From: Clients from Hell.net

Client: I love the flyer you sent! It’s clicky!
Me: Great! So we’re done now?
Client: No. When I print out the flyer, the links aren’t clicky. Can you make them clicky?
Me: I don’t understand.
Client: I want to be able to go to our website … when … um, when I …
Me: You do know that a piece of paper can’t be interactive, right?

WGTPhil: I read (on-line) the posting above at the same time as I was reading (on-paper) “Who Goes There – Travels through strangest Britain in search of the Doctor” by Nick Griffiths, and it struck a chord.

I enjoy travel books. Sometimes they make me want to go and see the places described. Mostly my traveling is vicarious but none the worse for that. I also love Dr Who. Put the two together and we should have a winner – right?

Wrong.

Even once you get past the stream of consciousness writing style (it calms down after the first few chapters) and the lack of capital letters in the title (Grrrr) there is a fundamental problem with the book. The author keeps referring readers to his website so they can see photos of the location he visits.  That’s lovely but I was reading on a train and so constantly being pointed at a web page was a reminder that I was missing out on a good chunk of the fun to be had from Griffiths travels.

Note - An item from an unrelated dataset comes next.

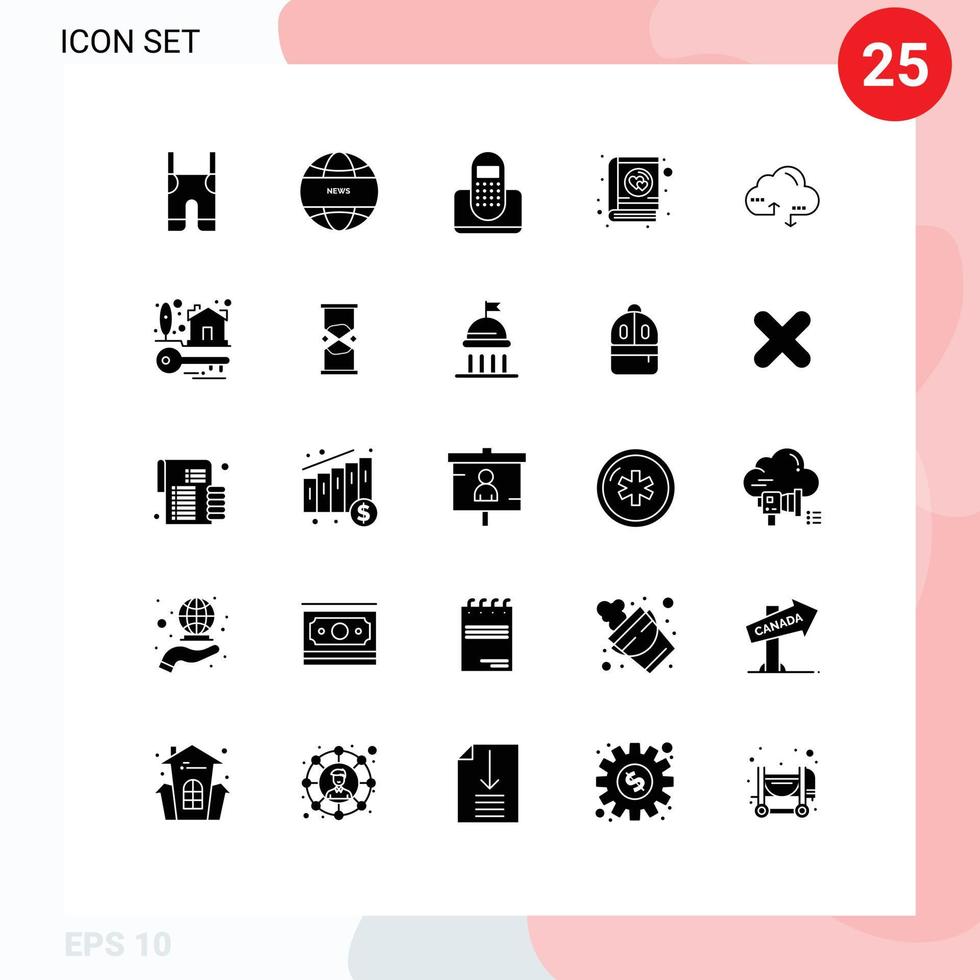 Universal Icon Symbols Group of 25 Modern Solid Glyphs of cloud romantic call love phone Editable Vector Design Elements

To compound matters, he keeps referring to Who episodes that I don’t remember. I mean, I love classic Who, but I don’t have an encyclopedic memory of a TV show I watched when I was 5 or even one from before I was born. I’m nerdy, but not that nerdy. Thus, I often have no idea what the location being visited looks like ‘cos I’ve not seen it on telly or on the web.

Frustrating. Very.

But, Candice and I were chatting about this over tea and squash earlier in the week, more and more people are reading on eBooks. Travel on the tube in that there London and you’ll hardly see the traditional paperback. It’s all iPads and Kindles now.

These are perfect for a book like this. If I want to see the picture, I can click on a link and assuming I’m not in a signal-free tunnel, up the photo will pop. If licensing were possible, even a clip from the show could be included. All this makes writing a rather more involved job than traditional, but it creates a very different type of book/website hybrid that could be very exciting.

None of this works (for me) on paper but it does beg a question. If the eBook/website hybrid is the way things are going, has this book about a time traveller fallen back through a wormhole from a few years in the future?